For more details please refer to the original post Hidden Obstalces for Google’s Self-Driving Cars.
This post is about some tough situations that Google still cannot handle. As widely known, Google’s self-driving car relies highly on its detailed map. This causes ambiguity or uncertainty when the car drives into this situation. Also, some extrem hard outdoor environments are common obstacles not only for Google, but for the whole field.
Watch out the above image: Google’s self-driving car can “see” moving objects like other cars in real time. But only a pre-made map lets it know about the presence of certain stationary objects, like traffic lights.
From the below video, you can better understand how Google detects these dynamic information respected to the static objects. Also, from my personal point of view, Google seems to adopt a very smart trick: some obstacles or behaviors are classified with different traffic signs. Or rather, Google asigns a proper traffic sign to some situations, in ordre to simplify and divide the sets of different behaviors concisely.
In a word, these problems, confirmed by the project leader Chris Urmson, are detailed as:
- The snow weather. Google hasn’t tested the car under snow weather.
- Heavy rainy day. Due to consideration of safety, Google hasn’t done the tests neither.
- Big, open parking lots or multilevel garages.
- The accurate recognition of color information of traffic lights when facing towards to sun.
- No detailed classfication between normal pedestrain or policeman as google relies more on the laser point data.
- Can’t tell if a road obstacle is a rock or a crumpled piece of paper.
- Can’t detect potholes or spot an uncovered manhole. (IMHO, this could be solved when exploiting the obstacle is concave or convex)
Besides the problem confirmed by the team itself, my professor Alberto Broggi, and other researchers also expressed their concerns.
Alberto Broggi, a professor studying autonomous driving at Italy’s Università di Parma, says he worries about how a map-dependent system like Google’s will respond if a route has seen changes.
Michael Wagner, a Carnegie Mellon robotics researcher studying the transition to autonomous driving, says it is important for Google to be open about what its cars can and cannot do. “This is a very early-stage technology, which makes asking these kinds of questions all the more justified.”

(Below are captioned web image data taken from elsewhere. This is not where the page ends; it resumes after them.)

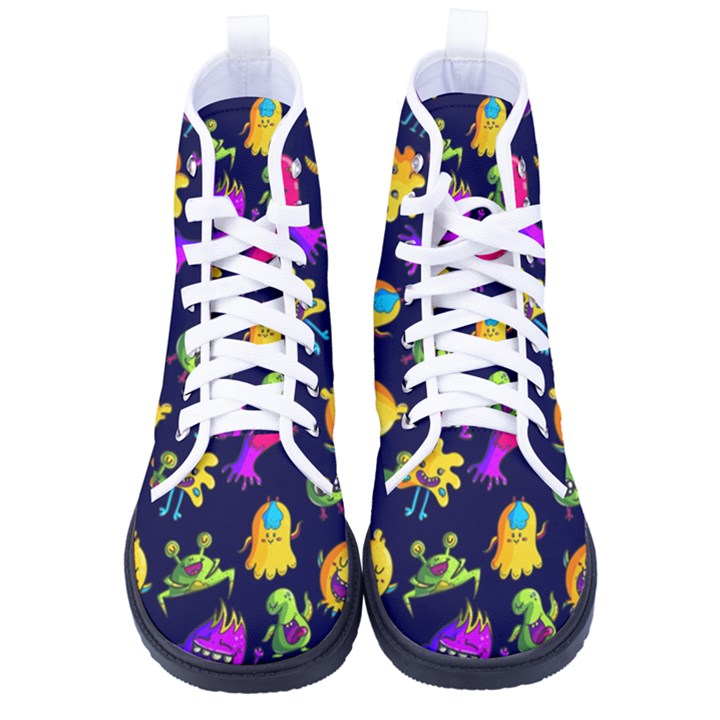 Space Patterns Women s High-Top Canvas Sneakers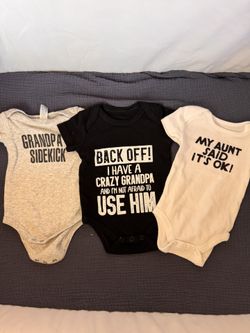 Grandpa Auntie Onesie 0-3 Months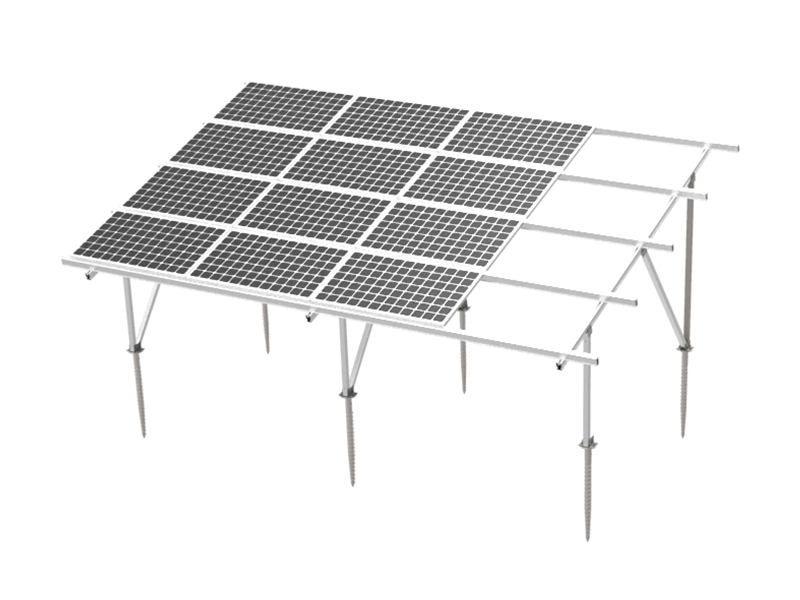 Aluminum ground mount solar racking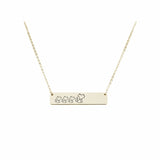 Horizontal Bar Mama Necklace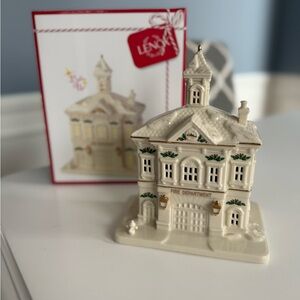 Lenox Christmas Village Firehouse Lit Figurine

John Leonard, an MIT expert on autonomous driving, says he wonders about scenarios that may be beyond the capabilities of current sensors, such as making a left turn into a high-speed stream of oncoming traffic.
Another related post on MIT Review are here. I quote the comments by professors.
Alberto Broggi: Humans make use of myriad “social cues” while on the road, such as establishing eye contact or making inferences about how a driver will behave based on the car’s make and model. Even if a computer system can recognize something, understanding the context that gives it meaning is much more difficult. For example, a fully autonomous car would need to understand that someone waving his arms by the side of the road is actually a policeman trying to stop traffic.
John Leonard: he and other academics find themselves constantly battling the assumption that all of the technology challenges associated with robotic cars have been solved, with only regulatory and legal issues remaining. “It’s hard to convey to the public how hard this is,” he says.